Toutes ces mesures doivent converger vers l’objectif central que constitue le réengagement des citoyens dans la vie civique. Là encore, les champs d’action sont très divers : le respect du principe « une personne, une voix » ; le contrôle du rôle de l’argent dans la politique et la lutte contre la corruption ; la décentralisation des décisions ; l’extension du recours au référendum ; la consultation de la population à travers les nouvelles technologies ; les conférences citoyennes. Autant de moyens d’éviter les tyrannies de la majorité sur la minorité, mais aussi la prise en otage de la majorité par des minorités extrémistes ou des forces populistes, notamment par l’instrumentalisation des réseaux sociaux.
Ce travail de réagencement démocratique peut paraître gigantesque. Je le crois pourtant possible. Et ce pour trois raisons. D’abord, si les citoyens des démocraties sont gagnés par une lassitude de la liberté, les femmes et les hommes qui en sont privés sont toujours prêts à risquer leur vie pour elle, comme on le voit de Hong-Kong à Caracas en passant par Moscou et Istanbul, Alger et Khartoum. Ensuite, les démocraties ont réussi par le passé à surmonter des crises comparables, notamment à la fin du XIXème siècle ou en 1945. Enfin, certaines nations, notamment la Suisse ou les pays scandinaves en Europe, parviennent à concilier performance économique, solidarité sociale et réassurance nationale, cantonnant ainsi l’influence des forces populistes. Face à l’embardée national-populiste des Etats-Unis et à leur repli stratégique, l’Europe, et en particulier la France, ont aujourd’hui une responsabilité historique pour réinventer la démocratie libérale et endiguer la poussée de la démocratie illibérale. Nous en avons les moyens ; seule manque la volonté.
-Le mouvement des Gilets Jaunes a banalisé un certain nombre de virulences, devenues violences, des radicalités autant comportementales qu’idéologiques. La défiance qui touche les politiques, en particulier les représentants de la majorité présidentielle mais pas seulement, est particulièrement virulente, des contestataires, notamment de l’ultra-gauche, semblent prêts à utiliser toutes les armes.
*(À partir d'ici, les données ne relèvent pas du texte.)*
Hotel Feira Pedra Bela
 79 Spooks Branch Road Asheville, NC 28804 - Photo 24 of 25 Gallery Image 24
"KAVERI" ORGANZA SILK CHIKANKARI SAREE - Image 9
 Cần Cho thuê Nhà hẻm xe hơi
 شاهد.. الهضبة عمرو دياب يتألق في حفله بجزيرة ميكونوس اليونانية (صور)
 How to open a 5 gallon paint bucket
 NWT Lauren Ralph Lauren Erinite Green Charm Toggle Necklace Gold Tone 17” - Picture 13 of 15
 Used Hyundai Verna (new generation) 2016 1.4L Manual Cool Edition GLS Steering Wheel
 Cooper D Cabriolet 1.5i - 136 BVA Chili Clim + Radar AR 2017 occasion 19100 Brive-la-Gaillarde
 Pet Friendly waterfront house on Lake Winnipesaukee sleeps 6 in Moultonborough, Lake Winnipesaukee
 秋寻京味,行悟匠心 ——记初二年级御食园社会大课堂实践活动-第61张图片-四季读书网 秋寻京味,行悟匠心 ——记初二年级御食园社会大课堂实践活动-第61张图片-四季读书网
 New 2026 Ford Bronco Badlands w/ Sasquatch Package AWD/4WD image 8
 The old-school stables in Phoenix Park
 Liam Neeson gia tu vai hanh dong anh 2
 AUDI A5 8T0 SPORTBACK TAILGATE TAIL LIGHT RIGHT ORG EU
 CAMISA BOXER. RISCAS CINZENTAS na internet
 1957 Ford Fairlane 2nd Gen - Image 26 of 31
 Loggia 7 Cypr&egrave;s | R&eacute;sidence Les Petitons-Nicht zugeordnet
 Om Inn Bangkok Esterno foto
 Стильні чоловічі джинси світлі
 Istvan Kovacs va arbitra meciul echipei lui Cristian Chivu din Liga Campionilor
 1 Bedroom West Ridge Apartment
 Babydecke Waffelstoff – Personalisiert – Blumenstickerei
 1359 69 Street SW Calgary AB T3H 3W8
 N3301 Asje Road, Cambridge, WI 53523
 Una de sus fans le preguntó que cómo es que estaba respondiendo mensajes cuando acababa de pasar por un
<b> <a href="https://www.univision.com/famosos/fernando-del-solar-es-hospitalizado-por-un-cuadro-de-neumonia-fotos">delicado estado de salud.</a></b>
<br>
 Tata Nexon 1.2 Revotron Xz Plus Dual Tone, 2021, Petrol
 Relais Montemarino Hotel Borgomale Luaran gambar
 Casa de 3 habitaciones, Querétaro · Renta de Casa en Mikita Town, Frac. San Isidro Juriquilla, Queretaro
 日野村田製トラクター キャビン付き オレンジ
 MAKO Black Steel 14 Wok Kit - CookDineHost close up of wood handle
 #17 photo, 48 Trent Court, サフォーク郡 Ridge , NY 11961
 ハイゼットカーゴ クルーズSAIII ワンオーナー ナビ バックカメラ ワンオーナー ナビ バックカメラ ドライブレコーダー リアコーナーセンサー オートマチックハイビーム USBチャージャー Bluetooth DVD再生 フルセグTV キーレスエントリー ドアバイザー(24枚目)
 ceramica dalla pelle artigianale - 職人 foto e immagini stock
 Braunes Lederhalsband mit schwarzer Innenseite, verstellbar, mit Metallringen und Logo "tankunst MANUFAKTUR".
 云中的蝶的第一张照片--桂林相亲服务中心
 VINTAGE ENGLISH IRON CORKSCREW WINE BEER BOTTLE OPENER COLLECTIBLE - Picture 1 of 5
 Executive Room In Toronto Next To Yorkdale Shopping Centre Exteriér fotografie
N’est-ce pas particulièrement inquiétant, alors que le premier mouvement politique (selon les suffrages exprimés aux dernières élections européennes) est par ailleurs le mouvement d’extrême droite, le RN lepéniste ?
La dégradation du climat politique en France est spectaculaire, tournant à une forme de guerre civile froide. Notre pays reste sous la menace du terrorisme islamiste, qui prend désormais la forme particulièrement anxiogène d’attentats de proximité. Il assiste simultanément à l’émergence d’un terrorisme suprémaciste. Le mouvement des gilets jaunes puis les grèves contre la réforme de la retraite ont légitimé une violence radicale, qui cible non seulement les institutions mais aussi les dirigeants à titre personnel et leur familles.
Le débat public, qui suppose le respect de celui qui pense autrement, a été remplacé par l’intimidation et la brutalité. La société est aspirée par une dynamique de grandes peurs : peur du déclassement ; peur de la robotisation ; peur de l’immigration ; peur de l’islam ; peur de la Chine ; peur des épidémies… Et la peur engendre la haine, qui elle-même engendre la violence. Le populisme n’a pas encore gagné dans les urnes mais il a largement gagné dans les mentalités et les comportements. Voilà pourquoi il est grand temps de réagir. Voilà pourquoi nous devons cesser de détourner le regard de la crise de notre démocratie pour l’affronter. En France, notre boussole doit redevenir la devise de la République, « liberté, égalité, fraternité », dans laquelle la fraternité joue un rôle central en évitant que la liberté n’écrase l’égalité et que l’égalité ne détruise la liberté.